Wednesday, 17 April 2013

Holy Grail Cooking #4: No Mince Beef Burgers

Warning: this post contains photographs of raw meat! 

It might come as no surprise that I make my own beefburgers, particularly given the recent "equestrian cuisine events" in the UK, but I thought that buying minced beef and making your own was about as homesteady and budget-friendly as burgers could get. Obviously, as author Sue Simkins points out, "you know exactly what  is in a proper home-made hamburger and they are simple and economical to make," but burgers made from minced beef don't stick together very well and are difficult to turn over on the grill. 
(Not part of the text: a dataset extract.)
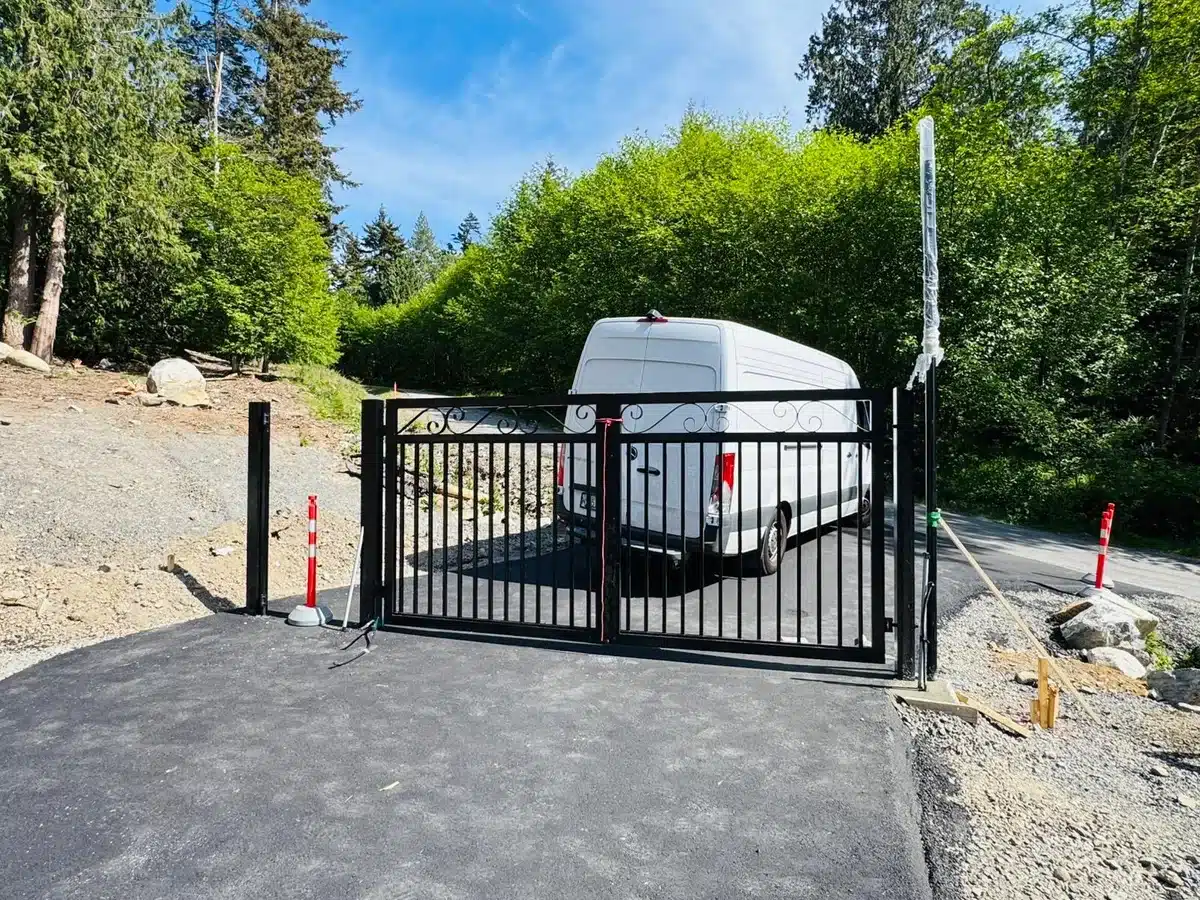 LGR-driveway-gate-double-swing (2)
Had I not read Simkins' super savoury recipes in Making the Most of Your Food Processor (Spring Hill, £9.99), I wouldn't have dreamed of buying steak and transforming it into burgers. As an ex-vegetarian, I am not keen on preparing raw meat, and I am, foolishly, a bit shy to ask our local butcher whether he has any chuck, blade or skirt steak, especially since I don't know what any of them are. However, I do possess a small food processor, which I was given by my parents for my 21st birthday, and it could stand a whole lot more usin'. Simkins states that it's "much better to process your meat at home in the food processor with the bread and onion and seasoning. This way everything melds together and the resulting burger is firmer - and much more delicious." She had me convinced. It wasn't like I was going to end up with horsemeat from the butcher by mistake...

To make your own Proper Hamburgers like Sue Simkins, you will need: 


50g bread (any type). I used nearly stale bread I found in the bread bin - several slices - and put the excess breadcrumbs in the freezer for next time.

 Tutorial Tuesday 1 - 2 small onions, peeled and sliced. Red or white.

250g chuck, blade or skirt steak (or braising steak, which is all my butcher had)

salt and pepper

I also added half a courgette (sliced), a chopped clove of garlic, and some mixed herbs

 What to do: 
1. Tear the bread into pieces and put into the bowl of the food processor with the onion and courgette and garlic (if using).

2. Cut the braising steak into bite-size pieces. I don't find this too awful as it is not that bloody and there is not too much fat to trim. Season with pepper, salt and herbs, and put into the processor.

3. Mix everything together, stopping the machine from time to time and scraping the mixture down from the sides of the bowl if necessary.

4. Once the mixture has started to clump together, stop the machine and remove the blade. 

5. Using a spatula, bodge the meat mixture down onto a plate, so it is about half an inch thick. Cut into burger shapes using a mug or metal biscuit cutter. 
6. Grill under a moderate grill for about 10 - 20 minutes, turning half-way through. The ones in the photo have not been cooked yet. 

Once again, I have forgotten to take a photo of the final result, but they are very popular with the King, Prima, and myself (Secundus is a fan of sausages only).
As with many of her other recipes, Simkins includes tips about varying the mixture to your own taste - "try adding a good pinch of mustard and a few shakes of Worcestershire sauce to the mix or some Tabasco" - and hints about freezing. These burgers "freeze beautifully: make sure you freeze them with discs of waxed paper or cellophane between them so you can separate them easily", and you can cook them from frozen; they just take a few extra minutes.


I have ignored my food processor since the days of making baby food (Simkins has a section on that too) but now I have access to a whole host of ideas for salads, dressings, sauces, dips, spreads and soups, and, of course: cakes. Simkins' easy-going, clear style, and obvious expertise is inspiring, and has certainly made me want to start making the most of the mini sous-chef that has been hiding in my kitchen unnoticed, for so long.